Warren recently proposed her first piece of legislation since she took office earlier this year. Her bill posits that students should be charged the same interest rate that the Federal Reserve banks charges interest rates towards big banks, which compose a large share of our financial system. This would put interest rates down to 0.75%, the current interest rate the Federal Reserve has set. With student loans set to go up to 6.8%, this is a bill that is far more polarizing for the specific intent to bring this issue up to debate and address an impending student debt bubble. Student loans have the second highest debt in the current market, only behind the housing market. This is a political statement, which would then lead to a larger compromise on both sides of the aisle.

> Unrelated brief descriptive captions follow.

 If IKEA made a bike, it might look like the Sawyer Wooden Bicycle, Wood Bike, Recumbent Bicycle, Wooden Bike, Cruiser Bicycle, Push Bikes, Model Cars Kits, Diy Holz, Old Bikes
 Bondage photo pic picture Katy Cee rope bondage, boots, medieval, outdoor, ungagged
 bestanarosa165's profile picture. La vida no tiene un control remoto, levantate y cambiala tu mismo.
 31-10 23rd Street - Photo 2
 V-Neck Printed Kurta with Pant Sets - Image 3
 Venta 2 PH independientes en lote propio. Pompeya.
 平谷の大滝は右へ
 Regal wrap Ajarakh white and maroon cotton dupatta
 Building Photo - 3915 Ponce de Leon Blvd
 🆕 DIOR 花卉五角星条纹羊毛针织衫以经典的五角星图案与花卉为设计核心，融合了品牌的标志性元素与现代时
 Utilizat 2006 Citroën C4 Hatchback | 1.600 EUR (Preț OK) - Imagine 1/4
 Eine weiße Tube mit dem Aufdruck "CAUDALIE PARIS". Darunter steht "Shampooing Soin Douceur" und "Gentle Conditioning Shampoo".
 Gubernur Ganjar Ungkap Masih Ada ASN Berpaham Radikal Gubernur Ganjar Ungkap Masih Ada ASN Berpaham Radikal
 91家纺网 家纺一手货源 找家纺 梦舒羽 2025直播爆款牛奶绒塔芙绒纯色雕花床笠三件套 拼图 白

So what does this mean? Such an adjustment would clearly affect the markets because this would be a big cut from 3.4 to 6.8 percent to then 0.75%. The Federal Reserve would also not want to take more assets out onto its balance sheet, which has ballooned because of the financial crisis in 2008. Warren incorporates theories of justice, fairness and equity for a generation drowned in student debt. Student debt has doubled over the past ten years from $10,649 in 2003 to $20,326 in 2012. Warren provides a strong voice which has the concern of many college students. And in many ways asks a simple question: If big banks have the support of taxpayers, why don’t our students receive the same sort of backing?
Warren brings about one of the most important issues for millennials and is slowly incorporating millennials into the larger political debate. What on earth do you do with so much student debt? If the American public does not address issue sooner rather than later, American taxpayers might have another mess to deal with. Student debt takes no prisoners. With education only becoming more increasingly important, with bachelor degrees necessary to land even basic administrative positions, this is an issue, which has reshaped and questioned the American model of higher education. Warren’s bold move in bringing up this issue is something which can bring together a strong coalition. Her bill is not a magic bullet. It’s something that is up for debate, a crafty political play in a time when people and pundits alike are noticing something so tangible that is mortgaging future generations chances for success and prosperity.
Like Occupy Wall Street and many other movements in the past two years, issues that have been on the fringe are slowly entering the center. Warren’s bill will now let a chance for the discussion to shift towards a meaningful debate.